## Exercise prompt
Could you output the entries that follow exactly, omitting any pictures they contain?

Records excerpted from a collection:
<<<<

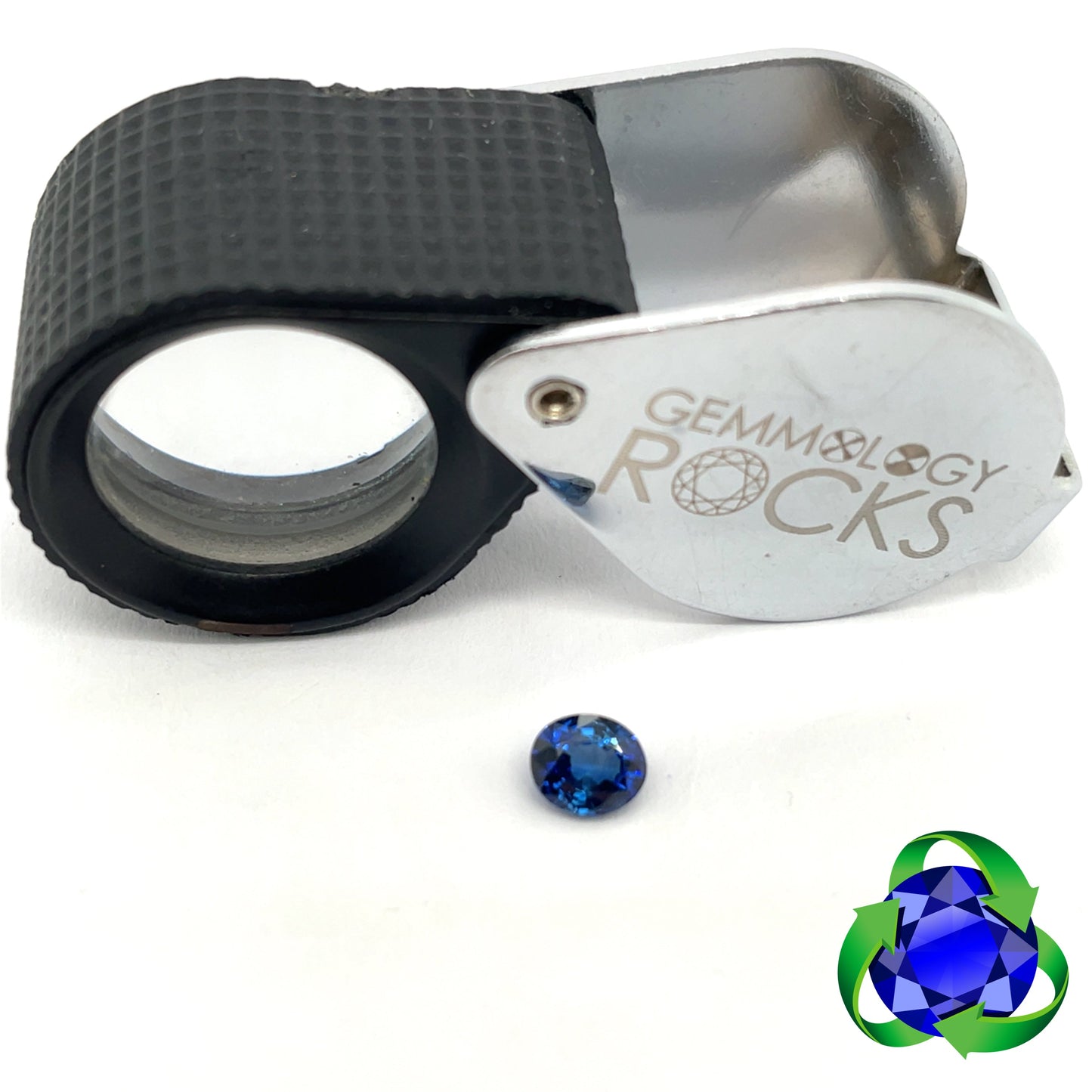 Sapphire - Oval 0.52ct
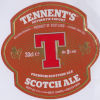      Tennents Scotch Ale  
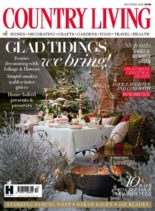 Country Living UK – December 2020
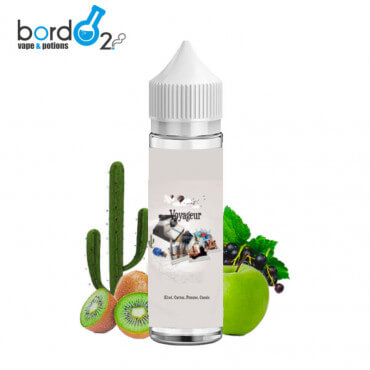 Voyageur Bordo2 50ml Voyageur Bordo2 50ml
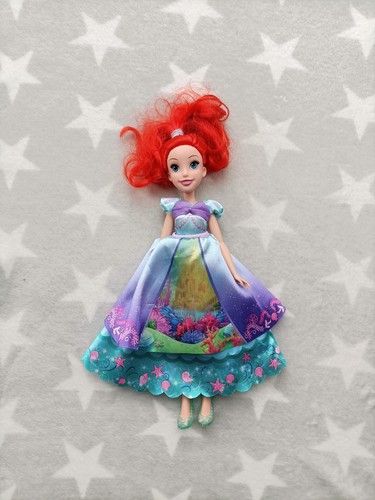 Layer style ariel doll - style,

>>>>

## Answer box
 Sapphire - Oval 0.52ct
      Tennents Scotch Ale  
 Country Living UK – December 2020
 Voyageur Bordo2 50ml Voyageur Bordo2 50ml
 Layer style ariel doll - style,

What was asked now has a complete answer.